**Data block**:

---

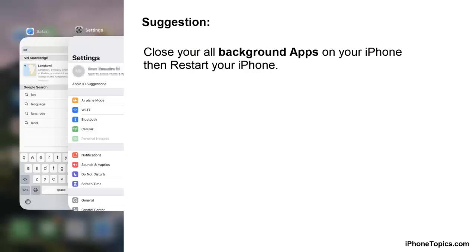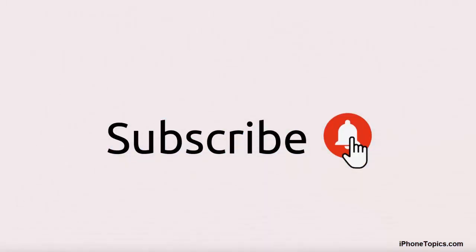If you still have this problem, I suggest one more solution: first close all your background apps and restart your iPhone. I hope this really helped to solve your issue with the white square appearing on your iPhone keyboard. If you have any other suggestions or doubts, let me know through the comments, and don't forget to click on the subscribe button. Thank you.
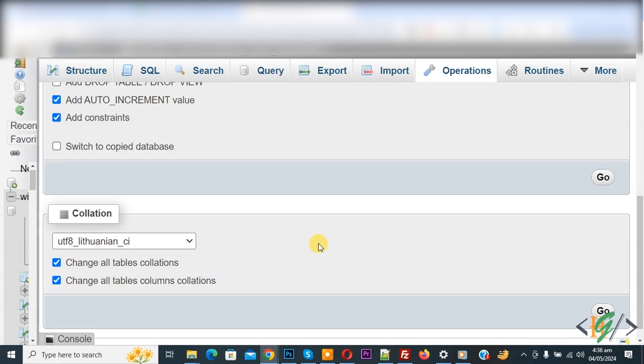In this way, you can change the database character set and collation in phpMyAdmin to UTF-8. I hope you like this video. Please like, comment, share, and subscribe. Thank you for watching.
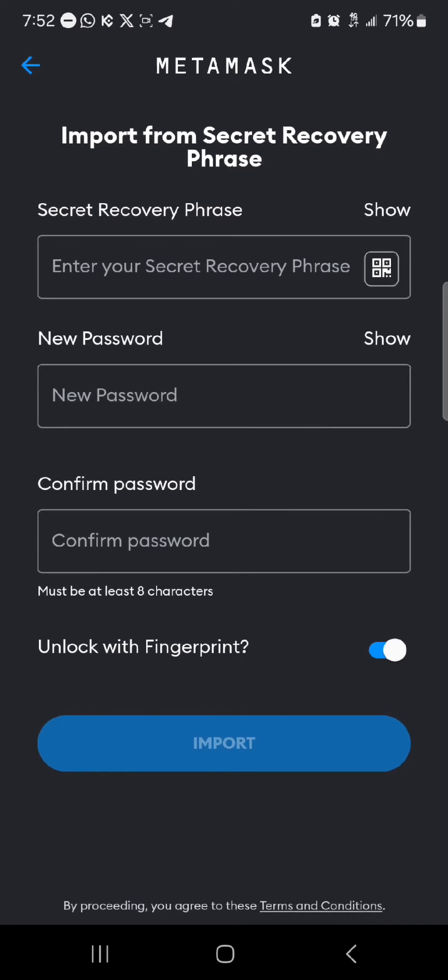All you need to do is either scan a QR code — that is, scan a local QR code either from your PC where your MetaMask account is, or wherever you saved your QR code — or you could manually enter your secret recovery phrase.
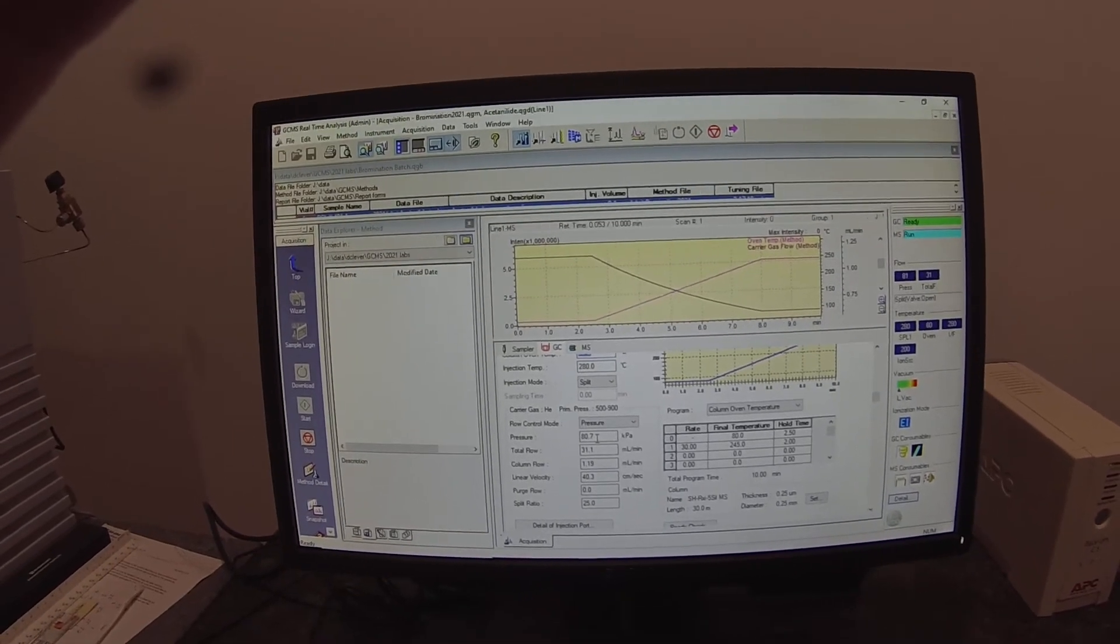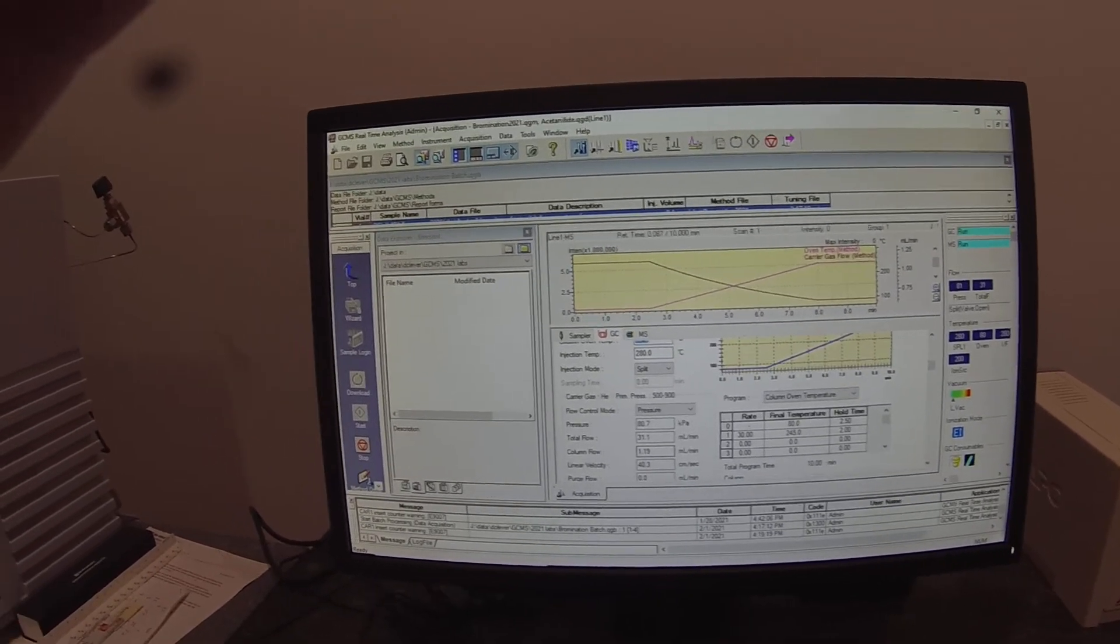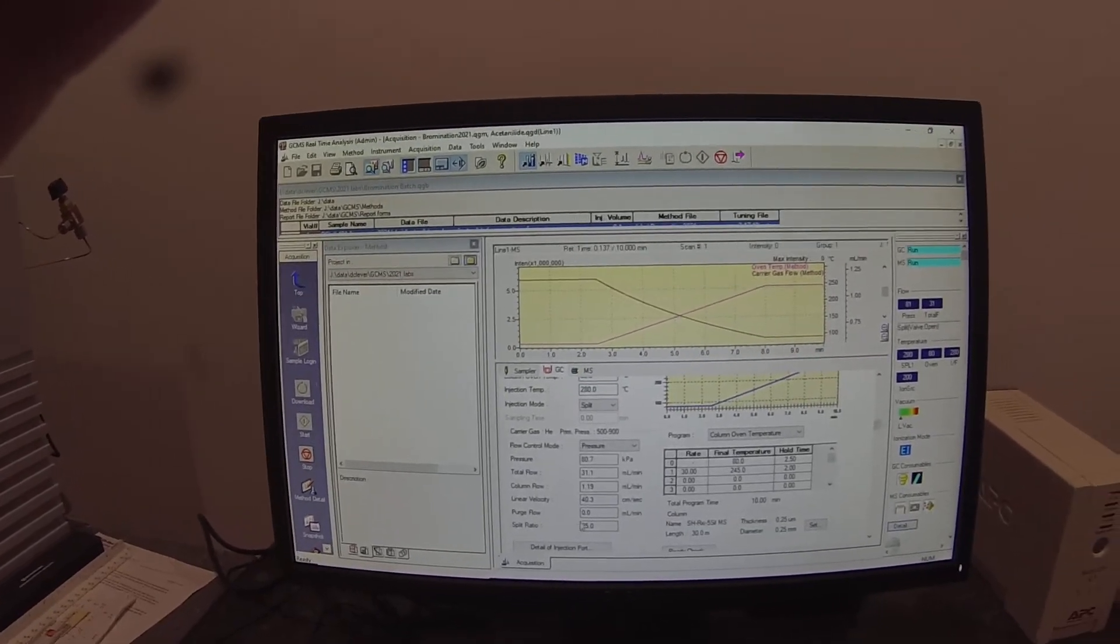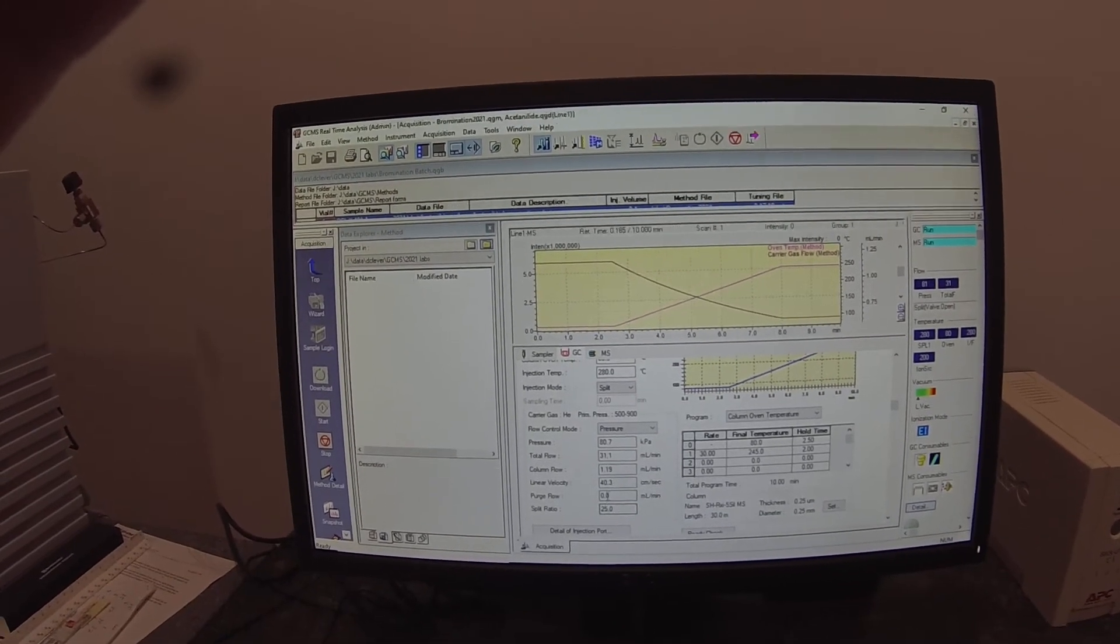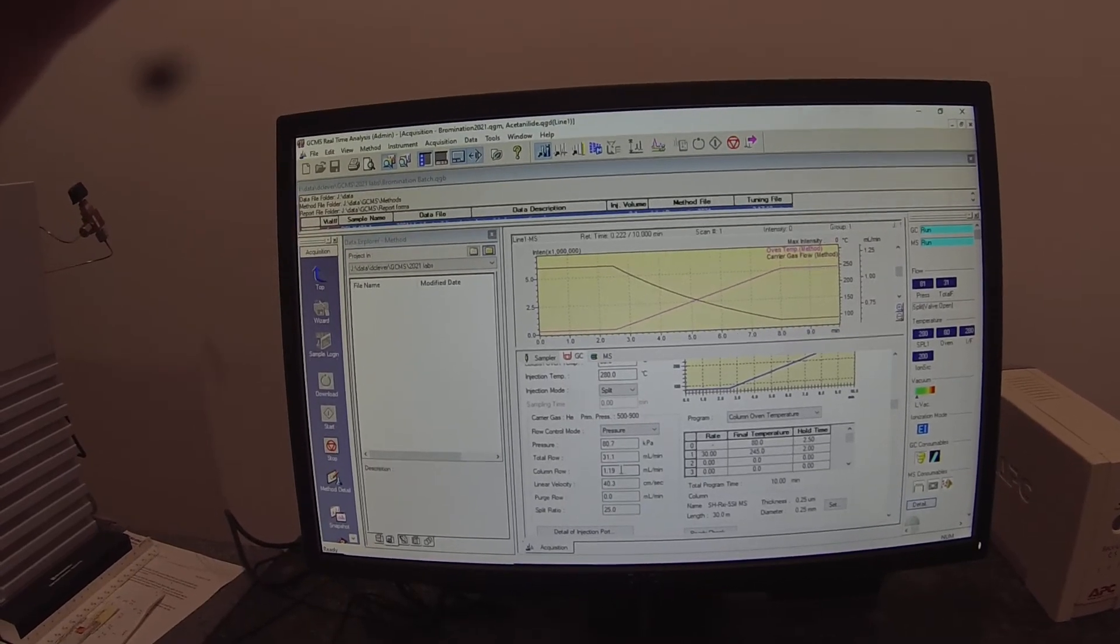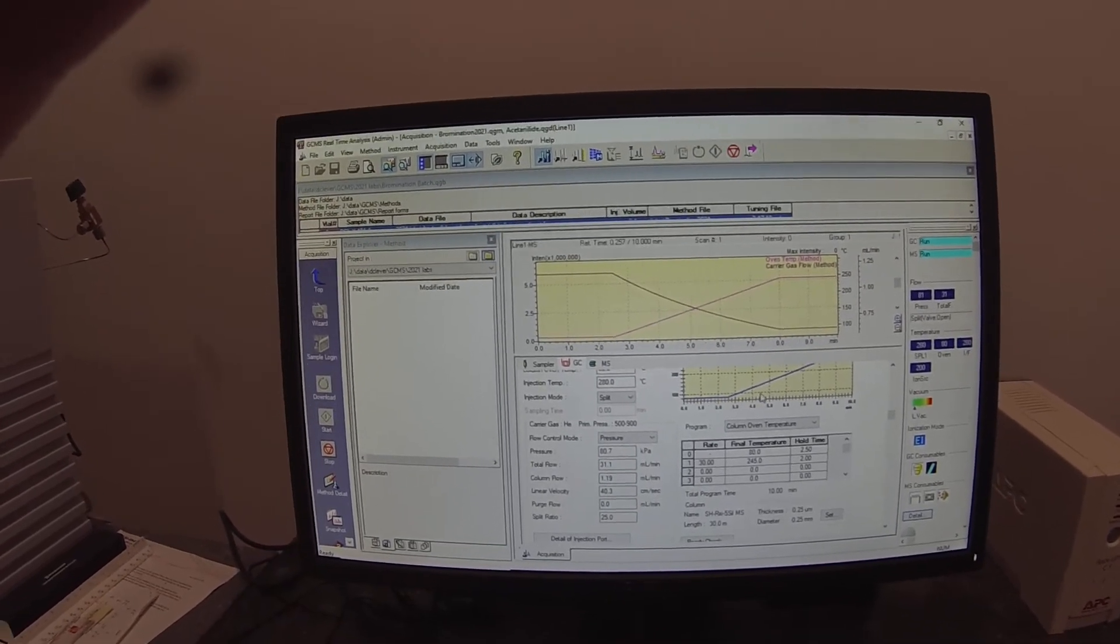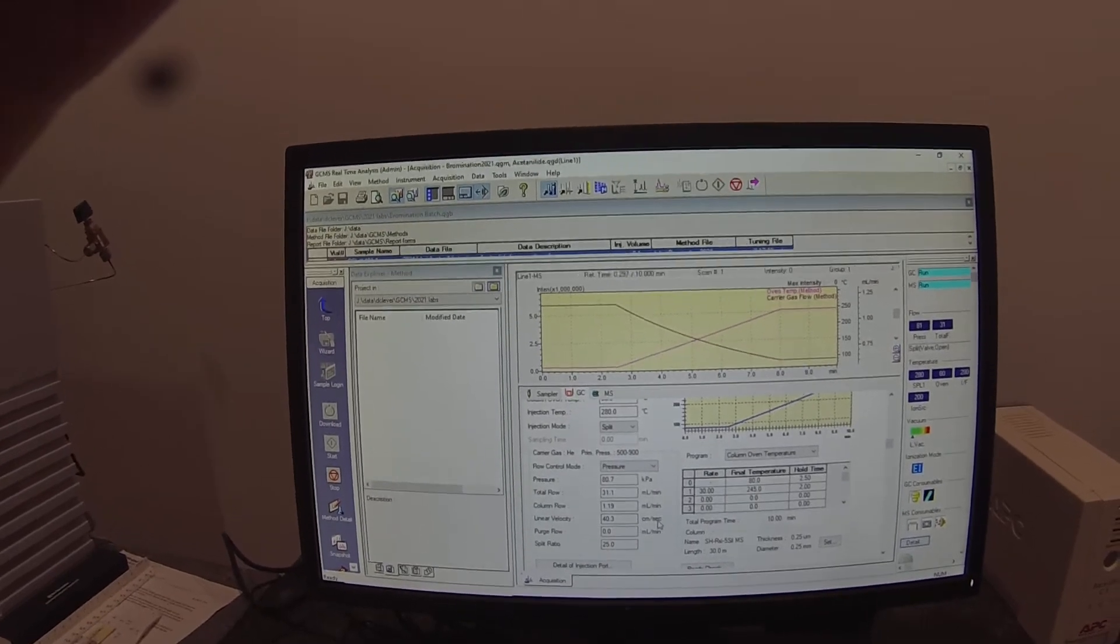And our pressure is at 80.7 kilopascals. We're running a split ratio of 25 and a column flow rate of 1.19 milliliters per minute at this temperature which corresponds to 40.3 centimeters per second.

---

**Task item**: If a picture appears in the data, omit it; transcribe all the rest exactly.

**Reply**:
If you still have this problem, I suggest one more solution: first close all your background apps and restart your iPhone. I hope this really helped to solve your issue with the white square appearing on your iPhone keyboard. If you have any other suggestions or doubts, let me know through the comments, and don't forget to click on the subscribe button. Thank you.
In this way, you can change the database character set and collation in phpMyAdmin to UTF-8. I hope you like this video. Please like, comment, share, and subscribe. Thank you for watching.
All you need to do is either scan a QR code — that is, scan a local QR code either from your PC where your MetaMask account is, or wherever you saved your QR code — or you could manually enter your secret recovery phrase.
And our pressure is at 80.7 kilopascals. We're running a split ratio of 25 and a column flow rate of 1.19 milliliters per minute at this temperature which corresponds to 40.3 centimeters per second.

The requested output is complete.